Records from a data collection:

··········

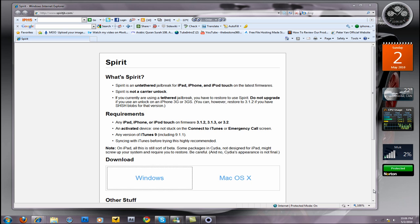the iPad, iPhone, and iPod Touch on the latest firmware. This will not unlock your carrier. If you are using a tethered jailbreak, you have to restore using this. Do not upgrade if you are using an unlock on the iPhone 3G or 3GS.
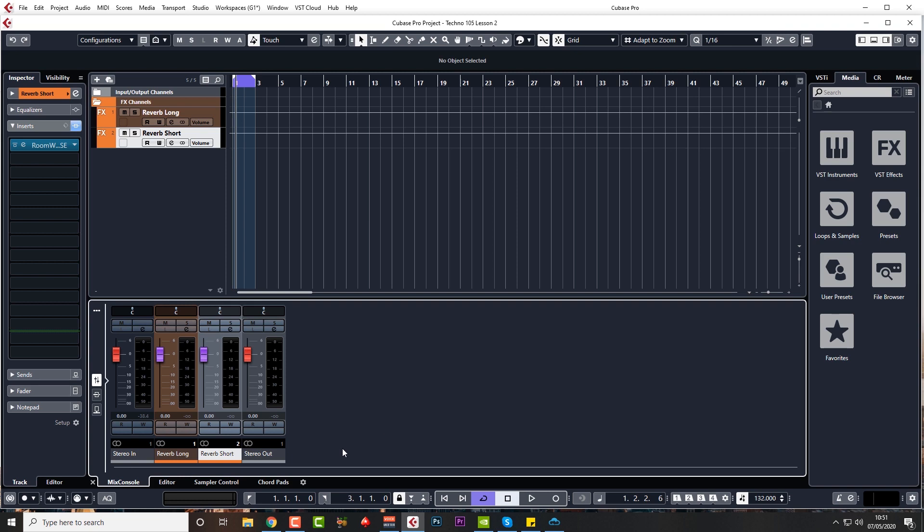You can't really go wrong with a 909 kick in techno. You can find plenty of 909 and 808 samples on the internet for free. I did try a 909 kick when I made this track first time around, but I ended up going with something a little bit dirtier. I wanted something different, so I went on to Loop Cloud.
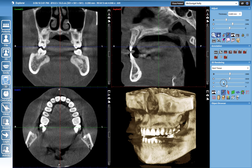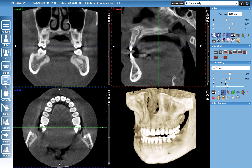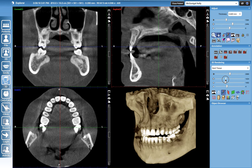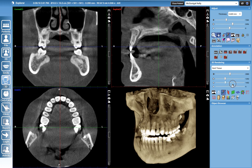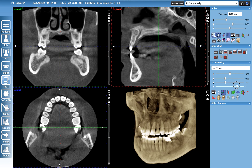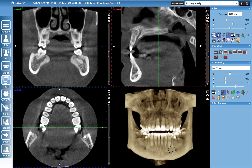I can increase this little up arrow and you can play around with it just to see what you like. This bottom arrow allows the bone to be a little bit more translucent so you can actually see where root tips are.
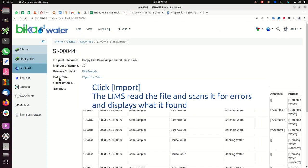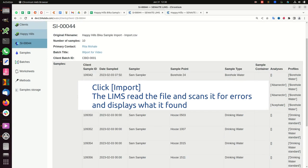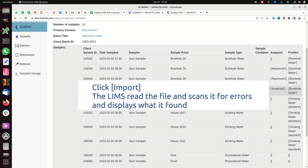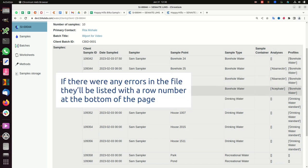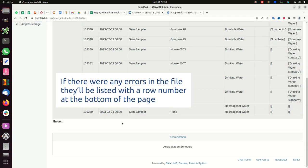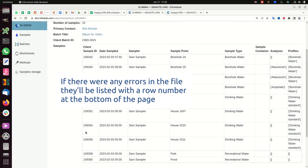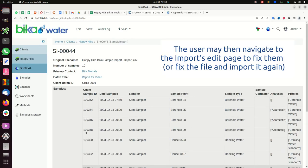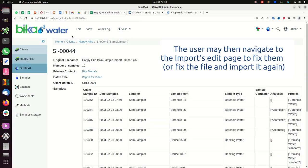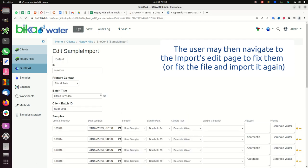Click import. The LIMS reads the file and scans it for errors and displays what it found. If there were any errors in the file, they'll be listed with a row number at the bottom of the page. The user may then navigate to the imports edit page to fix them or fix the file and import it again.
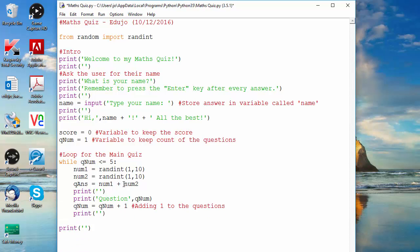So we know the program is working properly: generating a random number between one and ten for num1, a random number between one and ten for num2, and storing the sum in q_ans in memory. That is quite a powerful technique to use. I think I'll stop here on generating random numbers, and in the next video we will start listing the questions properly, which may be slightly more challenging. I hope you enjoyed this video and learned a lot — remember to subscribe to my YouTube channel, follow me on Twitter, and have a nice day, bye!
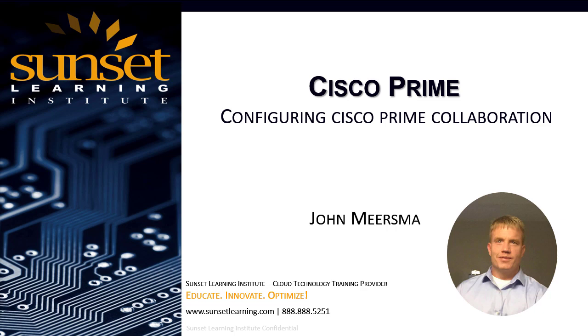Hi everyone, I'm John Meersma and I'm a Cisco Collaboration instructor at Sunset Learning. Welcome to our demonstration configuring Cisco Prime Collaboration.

··········

● **REQUIRED WORK**: The records above need to be reproduced exactly, with all images omitted.

● **TASK RESULT**:
the iPad, iPhone, and iPod Touch on the latest firmware. This will not unlock your carrier. If you are using a tethered jailbreak, you have to restore using this. Do not upgrade if you are using an unlock on the iPhone 3G or 3GS.
You can't really go wrong with a 909 kick in techno. You can find plenty of 909 and 808 samples on the internet for free. I did try a 909 kick when I made this track first time around, but I ended up going with something a little bit dirtier. I wanted something different, so I went on to Loop Cloud.
I can increase this little up arrow and you can play around with it just to see what you like. This bottom arrow allows the bone to be a little bit more translucent so you can actually see where root tips are.
Click import. The LIMS reads the file and scans it for errors and displays what it found. If there were any errors in the file, they'll be listed with a row number at the bottom of the page. The user may then navigate to the imports edit page to fix them or fix the file and import it again.
So we know the program is working properly: generating a random number between one and ten for num1, a random number between one and ten for num2, and storing the sum in q_ans in memory. That is quite a powerful technique to use. I think I'll stop here on generating random numbers, and in the next video we will start listing the questions properly, which may be slightly more challenging. I hope you enjoyed this video and learned a lot — remember to subscribe to my YouTube channel, follow me on Twitter, and have a nice day, bye!
Hi everyone, I'm John Meersma and I'm a Cisco Collaboration instructor at Sunset Learning. Welcome to our demonstration configuring Cisco Prime Collaboration.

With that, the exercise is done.